Der operative Gewinn (Funds from Operations 1, kurz FFO1) ging etwa wegen höherer Zinsaufwendungen um 1,8 Prozent auf 282,9 Millionen Euro zurück. Das Periodenergebnis sank aufgrund eines deutlich geringeren Bewertungsergebnisses von 603,1 Millionen im Vorjahr auf 216,7 Millionen Euro. Im Vergleich zum Vorjahr nahm Deutsche Wohnen keine Aufwertung des Immobilienbestandes vor.

Momentan ist bei Deutsche Wohnen viel in Bewegung. So gab das Unternehmen erst jüngst bekannt, rund 6400 Wohnungen und Gewerbeeinheiten an den Konkurrenten LEG Immobilien zu verkaufen. Gleichzeitig erwarb das Unternehmen rund 450 Wohnungen und Gewerbeeinheiten in Berlin, Potsdam und Dresden. Zudem übernahmen die Berliner eine Minderheitsbeteiligung von 40 Prozent an der Quarterback Immobilien AG. Damit sichere sich Deutsche Wohnen den Zugriff auf eine Vielzahl von attraktiven Neubauprojekten in seinen Kernmärkten, insbesondere in der Region Dresden und Leipzig. Zuletzt einigte sich das Unternehmen mit dem Münchner Projektentwickler Isaria Wohnbau auf den Erwerb einer Plattform für Projektentwicklungen sowie wesentlicher Immobilienprojekte.

Gemeinsam mit der in Leipzig ansässigen Quarterback Immobilien AG verfüge die Deutsche Wohnen über ein Neubauportfolio von insgesamt rund 90 Projekten, hieß es. Das entspreche einem Volumen von über 5 Milliarden Euro. Hinzu kämen weitere Neubauaktivitäten im Bereich Pflege und Betreutes Wohnen. "Die erfolgreichen Transaktionen unterstreichen unseren Anspruch, ein hoch attraktives Immobilienportfolio mit klarem Fokus auf die deutschen Top-Wachstumsmärkte zu formen", sagte Unternehmenschef Michael Zahn.

Die Deutsche Wohnen gehört zu den größten Wohnimmobilien-Konzernen Deutschlands. Erst vor Kurzem stieg Berlins größter Vermieter nach Vonovia als zweite Immobilienfirma in den Dax auf.

Allerdings weht den großen deutschen Wohnungsvermietern wegen anziehender Mieten ein immer stärkerer Wind entgegen. Erst jüngst verlängerte der Bundestag angesichts der anhaltenden Wohnungsnot die Mietpreisbremse um fünf Jahre und verschärfte sie zudem. Künftig können Mieter zu viel gezahlte Miete für bis zu zweieinhalb Jahre rückwirkend zurückfordern.
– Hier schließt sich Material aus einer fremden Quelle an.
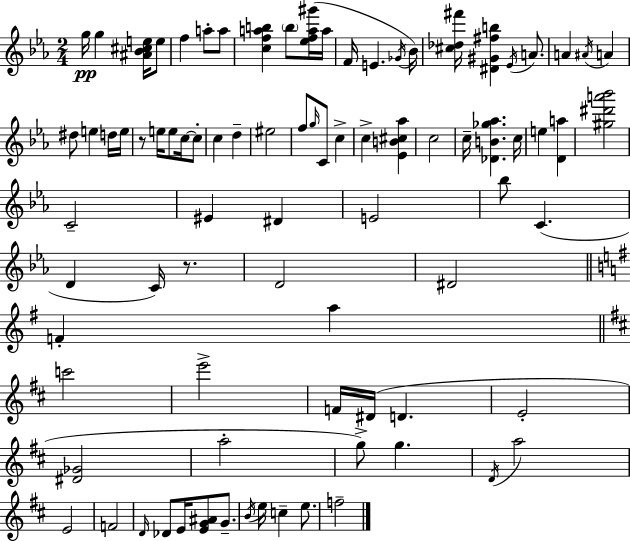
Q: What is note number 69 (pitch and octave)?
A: C5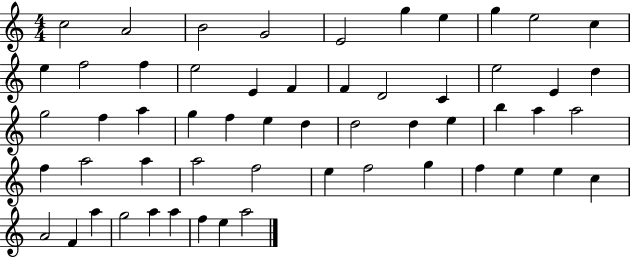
{
  \clef treble
  \numericTimeSignature
  \time 4/4
  \key c \major
  c''2 a'2 | b'2 g'2 | e'2 g''4 e''4 | g''4 e''2 c''4 | \break e''4 f''2 f''4 | e''2 e'4 f'4 | f'4 d'2 c'4 | e''2 e'4 d''4 | \break g''2 f''4 a''4 | g''4 f''4 e''4 d''4 | d''2 d''4 e''4 | b''4 a''4 a''2 | \break f''4 a''2 a''4 | a''2 f''2 | e''4 f''2 g''4 | f''4 e''4 e''4 c''4 | \break a'2 f'4 a''4 | g''2 a''4 a''4 | f''4 e''4 a''2 | \bar "|."
}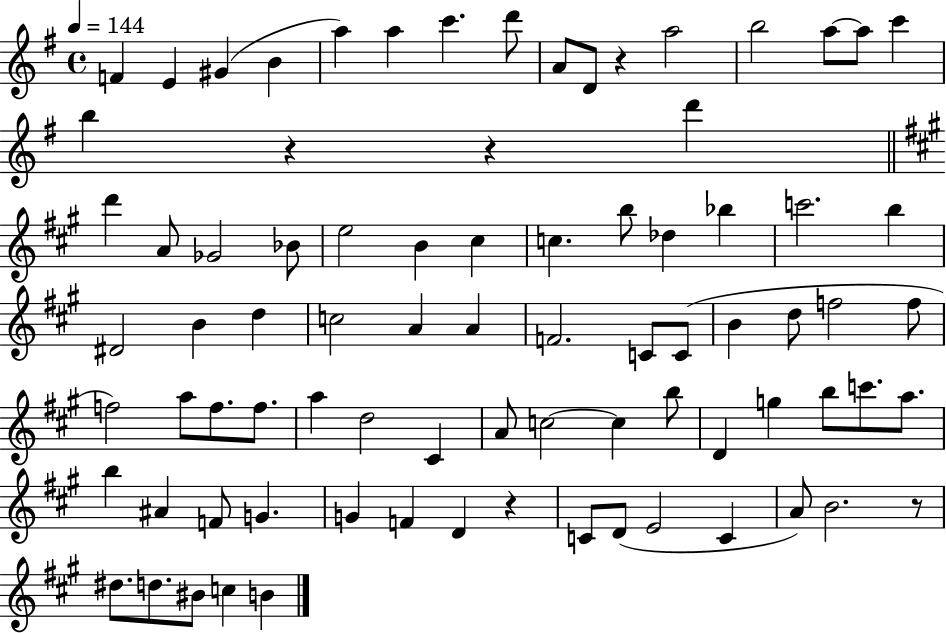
X:1
T:Untitled
M:4/4
L:1/4
K:G
F E ^G B a a c' d'/2 A/2 D/2 z a2 b2 a/2 a/2 c' b z z d' d' A/2 _G2 _B/2 e2 B ^c c b/2 _d _b c'2 b ^D2 B d c2 A A F2 C/2 C/2 B d/2 f2 f/2 f2 a/2 f/2 f/2 a d2 ^C A/2 c2 c b/2 D g b/2 c'/2 a/2 b ^A F/2 G G F D z C/2 D/2 E2 C A/2 B2 z/2 ^d/2 d/2 ^B/2 c B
In Berlin trat vor kurzem ein Gesetz für einen Mietendeckel in Kraft. Damit werden die Mieten für 1,5 Millionen Wohnungen, die vor 2014 gebaut wurden, in den kommenden fünf Jahren eingefroren. Für Neuvermietungen gelten Obergrenzen. Dies trifft besonders Immobilienkonzerne wie Deutsche Wohnen und Ado Properties, die Immobilien überwiegend in Berlin besitzen. Zudem müssen Vermieter in Berlin zum 23. November Bestandsmieten reduzieren, die mehr als 20 Prozent über der zulässigen Obergrenze liegen.

Die Deutsche Wohnen rechnet 2020 nach früheren Aussagen mit Mietausfällen von neun Millionen Euro durch das Gesetz, im nächsten Jahr sind es 30 Millionen Euro. Das Management zeigte sich aber bislang zuversichtlich, dass der Mietendeckel keinen Bestand haben wird. Union und FDP in Berlin haben eine Normenkontrollklage beim Bundesverfassungsgericht eingereicht.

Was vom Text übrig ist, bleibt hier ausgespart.